_Description of the task_:
The response should repeat word for word every line below from the one with "May include: A black" to the one with "U.S. Treasury Secretary", inclusive, and nothing else; leave pictures out.
━━ Dataset excerpts
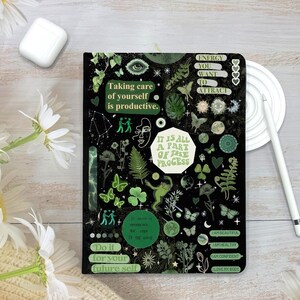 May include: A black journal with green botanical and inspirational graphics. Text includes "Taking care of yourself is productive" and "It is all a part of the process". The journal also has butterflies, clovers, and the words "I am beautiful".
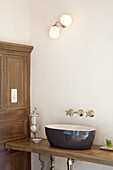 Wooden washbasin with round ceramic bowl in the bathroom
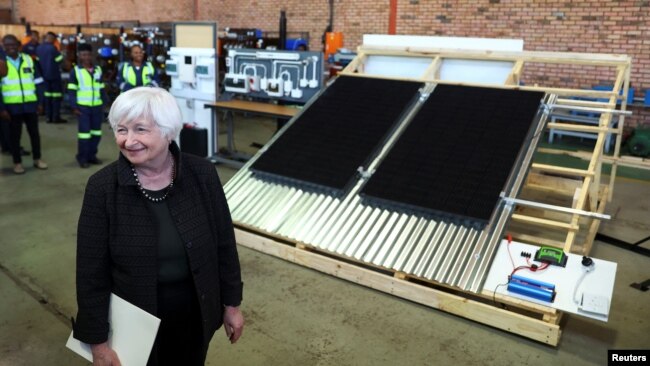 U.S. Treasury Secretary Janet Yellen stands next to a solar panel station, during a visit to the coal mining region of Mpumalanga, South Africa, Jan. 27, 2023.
━━━━
━━ Dataset excerpts
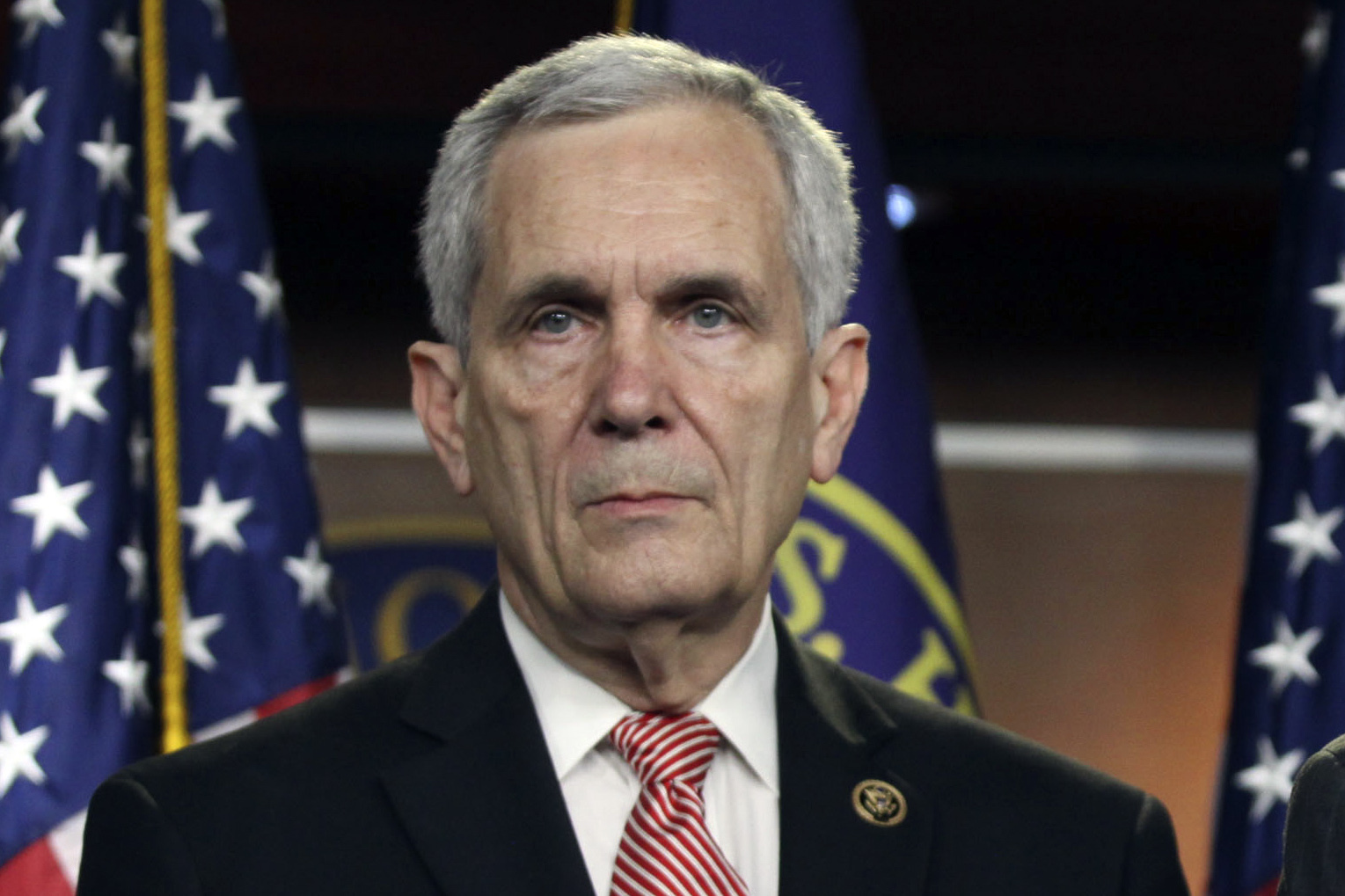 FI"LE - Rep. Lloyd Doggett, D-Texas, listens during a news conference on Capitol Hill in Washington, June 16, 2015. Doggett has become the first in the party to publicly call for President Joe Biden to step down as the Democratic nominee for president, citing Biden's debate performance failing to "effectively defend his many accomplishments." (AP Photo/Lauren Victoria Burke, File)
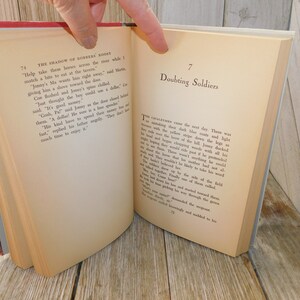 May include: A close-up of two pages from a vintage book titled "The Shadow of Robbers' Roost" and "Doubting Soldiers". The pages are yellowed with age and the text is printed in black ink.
━━━━
_Answer to this exercise_:
 May include: A black journal with green botanical and inspirational graphics. Text includes "Taking care of yourself is productive" and "It is all a part of the process". The journal also has butterflies, clovers, and the words "I am beautiful".
 Wooden washbasin with round ceramic bowl in the bathroom
 U.S. Treasury Secretary Janet Yellen stands next to a solar panel station, during a visit to the coal mining region of Mpumalanga, South Africa, Jan. 27, 2023.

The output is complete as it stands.